This self examination is a practice, much like meditation only much more beneficial for my goal. It is a form of shadow work. I really believe so much of this whole destroying the nice guy is simply being aware of the Nice Guy. Awareness, as is often said, is the beginning of change. Cliché and true. Having the courage to look at who I really am, looking at myself with honesty, and taking responsibility for who I am, what I do, my thoughts, me as cause of all that I think and feel and so much of how others treat me, that is the real step towards leaving behind the inauthentic. The practice, each day, is to review what happened. I have begun to see the water I swim in. The water is the habitual behaviors, showing up weak and submissive, the constant smiling and appeasing, the belief that I am fundamentally wrong and inferior. When I see it I can change it.

  1. Where It Comes From: Triggers and Trauma

There are certain types of people that will trigger niceness in me.

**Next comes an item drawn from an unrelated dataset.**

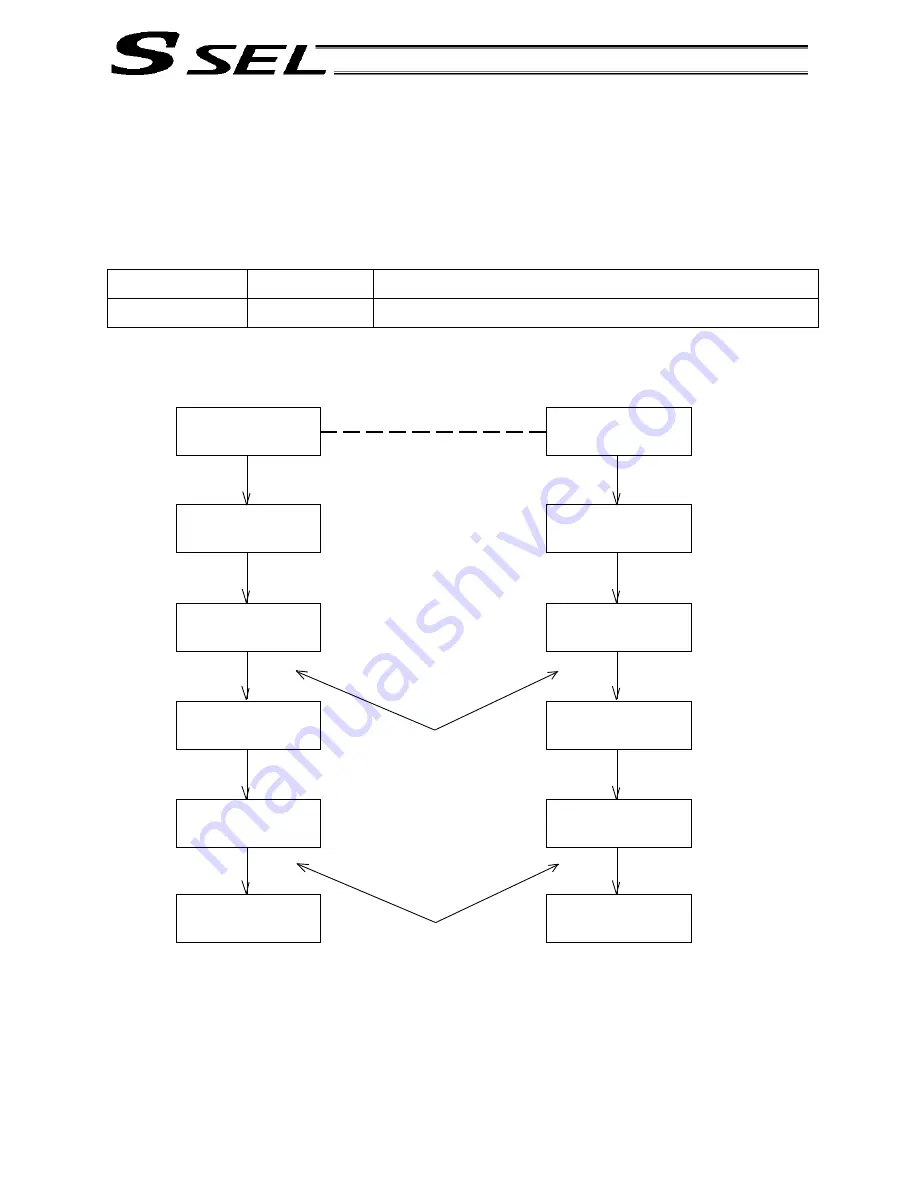 IAI ssel Operation Manual Download Page 109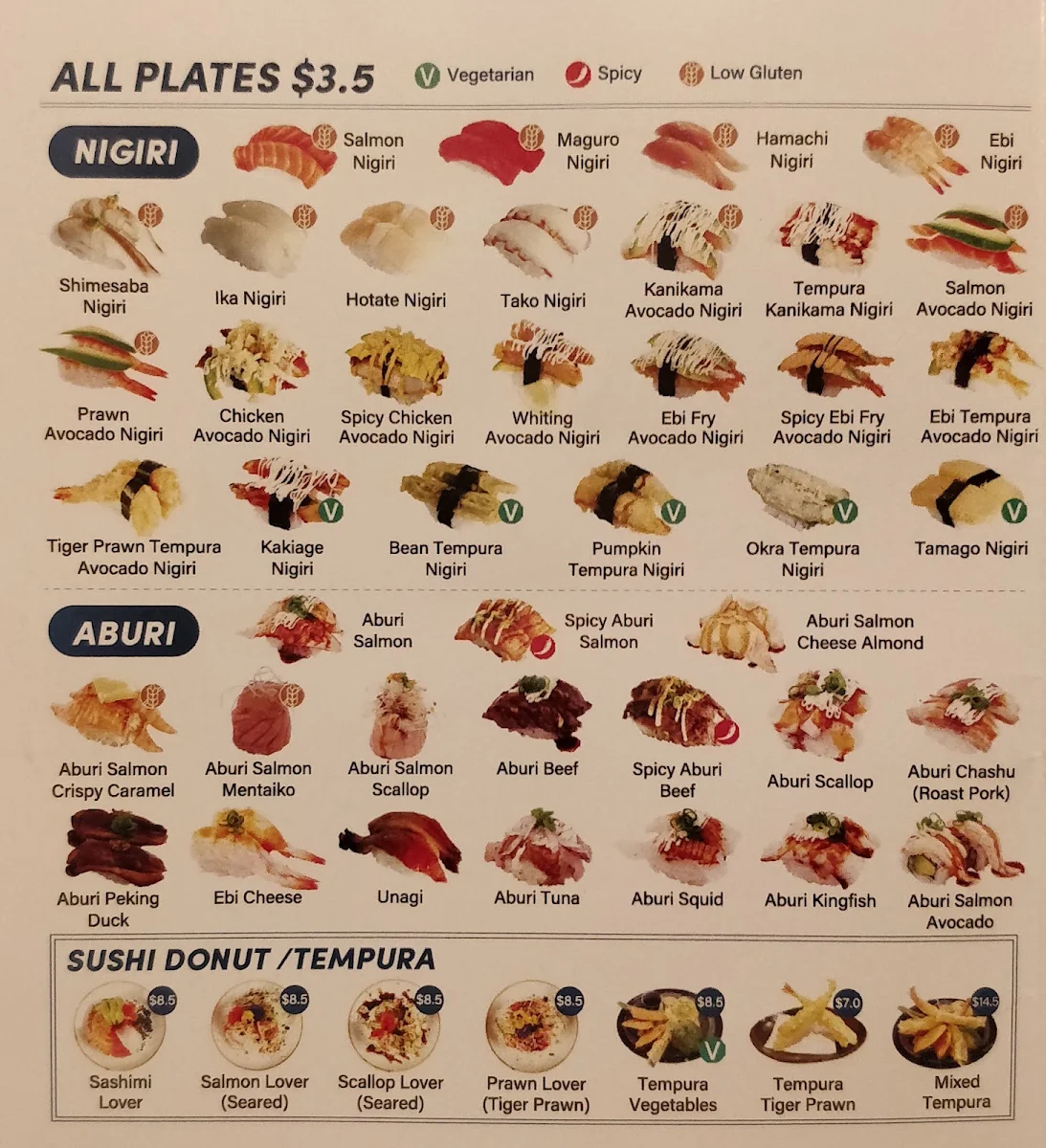 Menu, Hane Sushi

Confident people trigger niceness and fawning from me. I seek out validation from them, and I act small and soft and weak to try and get that validation. I back down and avoid them if possible for fear of confrontation with them. The fact is the majority of people I encounter appear more confident than me. I think confidence in others inherently leads to some kind of confrontation. If I’m being myself eventually a confident person will disagree with me. Not in a negative way, but in a healthy, challenging way. But this tension and fear still causes me to pretend or withdraw.

People I perceive as being in authority will trigger my niceness. I become a boy when I am around people with power. This childishness is an attitude and a feeling. I become the weak and incapable one, the one to be led. I defer to them and laugh and agree and look to them for direction, so far beyond what their authority might warrant. I become softer and more naive. I am subservient and compliant. I will do what they say as soon as they say it, without thought or hesitation.

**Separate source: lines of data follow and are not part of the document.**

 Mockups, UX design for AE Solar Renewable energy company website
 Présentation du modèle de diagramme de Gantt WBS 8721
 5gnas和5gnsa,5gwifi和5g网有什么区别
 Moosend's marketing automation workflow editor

I imagine this immaturity comes across in my face and eyes as I look to them when they speak, when they don’t speak, ready to laugh or obey or whatever I think they want. I am become that eager little boy desperate for guidance and commendation. And as much as I am ashamed of this and despise that part of me, it is such a sad reality. This response is no doubt from that little boy I was and am again, desperate for a father to show him and guide him and I am looking for him in random men of authority, ready to play the boy again if they would only play the father. There is so much sadness in that.

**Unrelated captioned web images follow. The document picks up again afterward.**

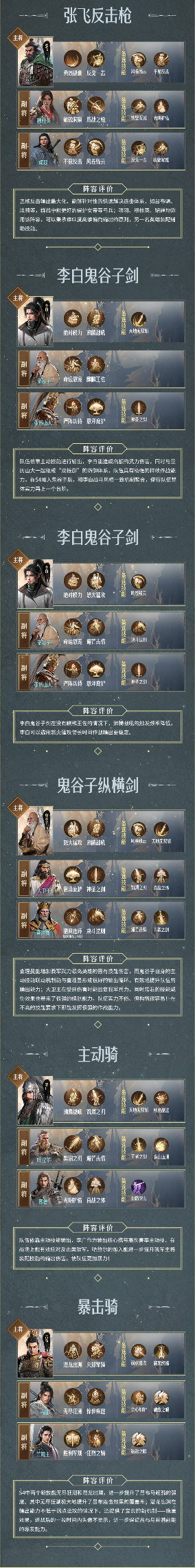 《重返帝国》S4新英雄阵容推荐！提前掌握备战秘籍 开荒夺城快人一步！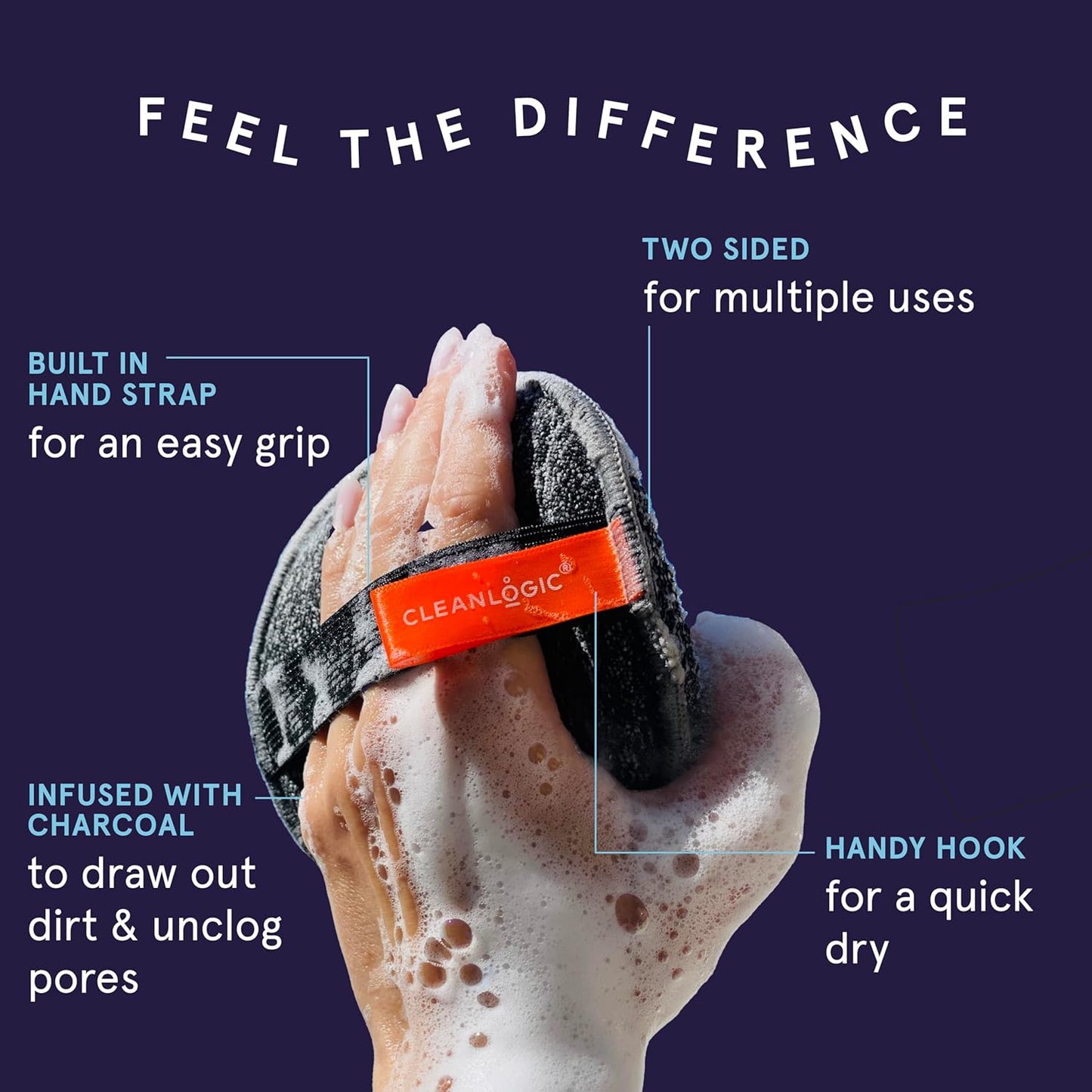 Cleanlogic Detoxify Purifying Charcoal Infused Exfoliating Body Scrubber, Dual-Texture Round Exfoliator Tool for Smooth, Clean Skin, Daily Skincare Routine, 3 Count Value Pack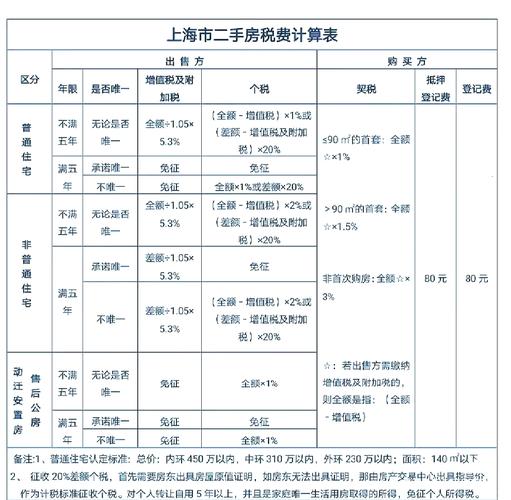 二手商铺买卖税费详解：避开高额成本的关键点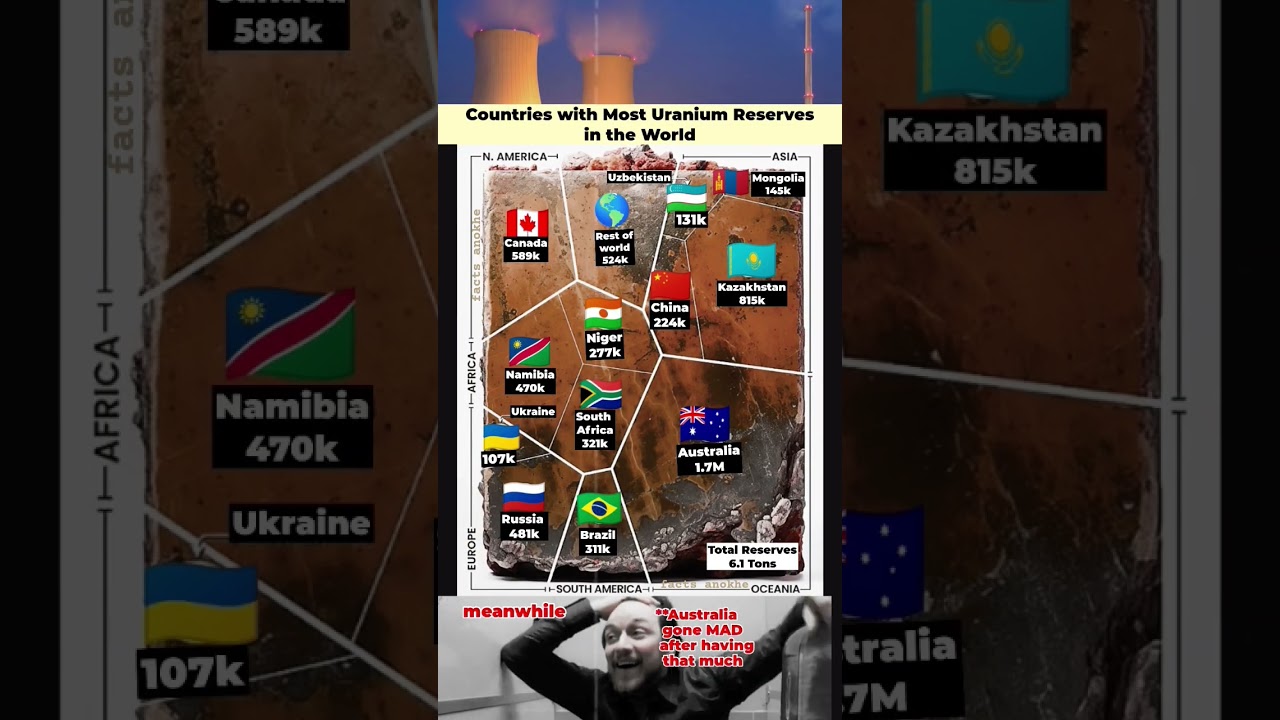 Global Uranium Reserves by country #shorts #youtubeshorts #shortsfeed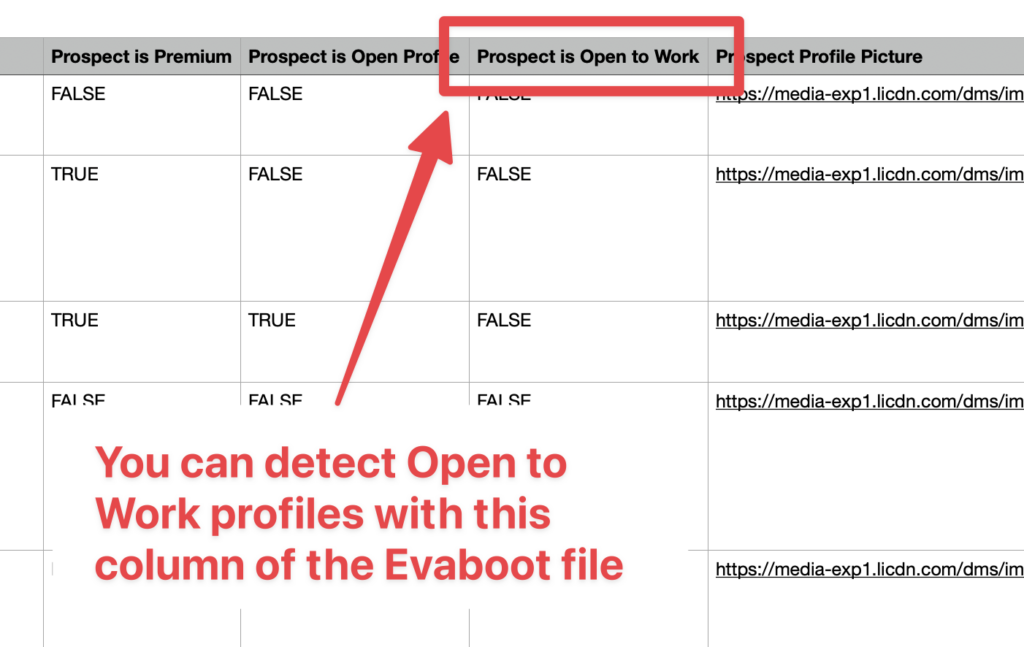 scopri i profili disponibili a lavorare in questa colonna del file di evaboot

I am nice to attractive women. To women in general, really. I want their validation and approval. I want them to like me and to approve of me. I want beautiful women to want me, especially, but I think I want all women to want me. And so, as I believe being nice will make that happen, I am soft and non threatening and non sexual. If I’m really attracted to a specific woman I might just shut down. I won’t speak much and I fade into the background. I become the quiet weird guy that either creeps her out or is invisible.

When someone, a woman, shows me that they’re attracted to me that triggers my niceness.

Groups trigger my niceness and shut me down. I fear groups and when I’m forced to be in one I cannot function. The anxiety turns into panic and I fear most of all being singled out. I go red and the anxiety on my face is so out of the ordinary, so beyond what could be appropriate, I’m even amazed by it. I cannot talk properly, I cannot engage in the conversation, and I certainly cannot express myself honestly. Being in a group is like being surrounded by multiple confident people in positions of authority, and at any moment one might call on me to prove myself and all the others will stare and wait in judgment. I have never seen anyone as anxious and embarrassed as I have been in a group.

Masculine men will trigger me. Any man who is stoic, strong, or who seems in charge will bring up in me a desire to be the good little boy. He is in charge and I am 12 years old waiting to be told what to do. And often that only repulses such a person.

Actions

Beginning with women, without a doubt the habit of approaching women, especially women I find attractive, will directly contribute to destroying my niceness and the inaccurate beliefs I have about women. I think this act alone will have secondary effects across the board as far as my people pleasing and fear of rejection goes. I can get more comfortable talking to women, seeing them more accurately as “flawed human beings” as Dr. Glover would say.

Reducing my fear of confident people and groups, as well as people in authority, ultimately comes down to having a more solid sense of self, more self respect, and more authenticity. I fear the rejection because I value these people so much. I fear the encounter because I give them power over me, superiority and a position of judgment. I fear their power because I fear being exposed as weak and fake. Becoming the judge of others will improve this dynamic. And of course being more authentic with people in general, speaking my mind, not trying to maintain an image, all this will reduce the niceness that is triggered.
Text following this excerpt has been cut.